Não imagino a dor que sentes, sinceramente. Nem sei que palavras escrever, mas senti que precisava de comentar. Mesmo que não te conheça, mesmo que nunca nos iremos conhecer, imaginei na tua dor a minha, só de pensar uma situação assim na minha vida. Por isso não podia deixar de comentar, mesmo sem grande conteúdo, só pra deixar um abracinho. Força!

Arisca disse...

Marizei, obrigada.

M, obrigada. Nunca se sabe o que dizer nestas alturas, é mesmo assim.

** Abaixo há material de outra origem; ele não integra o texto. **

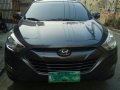 Selling 2nd Hand (Used) Hyundai Tucson 2010 Automatic Gasoline in Pasay-4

Risota, obrigada pelas palavras que ficaram só entre nós.

*S* disse...

Fiquei com um nó na garganta e com as lágrimas nos olhos de ler o que escreveste.
Muita força nesta hora!

Maria do Mar disse...

Fiquei com o coração pequenino. Um abracinho apertado ...

Sexinho disse...

Só hoje cheguei aqui; e encontrei um post triste...
Reencontrei aqui a dor que ainda há pouco foi minha; não há nada que possa dizer que diminua essa dor mas senti necessidade de aqui deixar um carinho.
Um abraço muito apertado

Arisca disse...

*S*, as coisas não estão melhores mas acho que tudo se aguenta. Até aquilo que achamos que não conseguimos. Beijinho.

Maria, outro para ti! :)

O sexo e a idade, muito obrigada. Espero que a dor tenha diminuido entretanto.